Heads up: the OSS default has no auth. Do not expose :8080 to the public internet without flipping RB_REQUIRE_AUTH=true first. The CP logs a loud warning at startup if it detects a likely-public bind.
Step 2
Create a dataset and ingest
A dataset is a named, tenant-scoped collection of vectors with a fixed embedding dimension. The dimension is set at create time and immutable thereafter.

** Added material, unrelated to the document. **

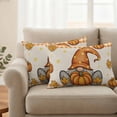 thumbnail image 2 of Orange Gnomes Fall Outdoor Waterproof Pillow Covers, Thanksgiving Pumpkins Plaid Leaves Rustic Decorative Rectangle Throw Pillowcase Sofa Cushion Sham for Patio/Couch/Chair, 20"x12" 2 Pack, 2 of 8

curl -X POST http://localhost:8080/v1/datasets \
-H 'Content-Type: application/json' \
-d '{"name": "products", "dimension": 4}'Ingest a couple of vectors as NDJSON — one record per line, each with an id, a values array matching the dataset's dimension, and an optional metadata object:
curl -X POST http://localhost:8080/v1/datasets/products/vectors \
-H 'Content-Type: application/x-ndjson' \
--data-binary $'{"id":"a","values":[0.1,0.2,0.3,0.4],"metadata":{"category":"books"}}\n{"id":"b","values":[0.5,0.5,0.5,0.5],"metadata":{"category":"movies"}}\n'Ingest returns immediately — the heavy work (validate, build the FAISS shard) runs on async workers behind a Redis reliable queue. Poll for readiness:
curl http://localhost:8080/v1/datasets/products # wait until "status": "indexed"
Step 3
Query
Top-k nearest-neighbour search with an optional AND-of-equals metadata filter. The dataset returns the int64 FAISS hits translated back to your caller-supplied id + metadata via the sidecar.
curl -X POST http://localhost:8080/v1/query \
-H 'Content-Type: application/json' \
-d '{"dataset":"products","vector":[0.1,0.2,0.3,0.4],"top_k":2,"filter":{"category":"books"}}'Response (HTTP 200):
{
"matches": [
{ "id": "a", "score": 0.0, "metadata": {"category": "books"} }
]
}Step 4
Where next
That's the whole API surface in three calls. From here:
- Architecture — what's running under that one host port, and why.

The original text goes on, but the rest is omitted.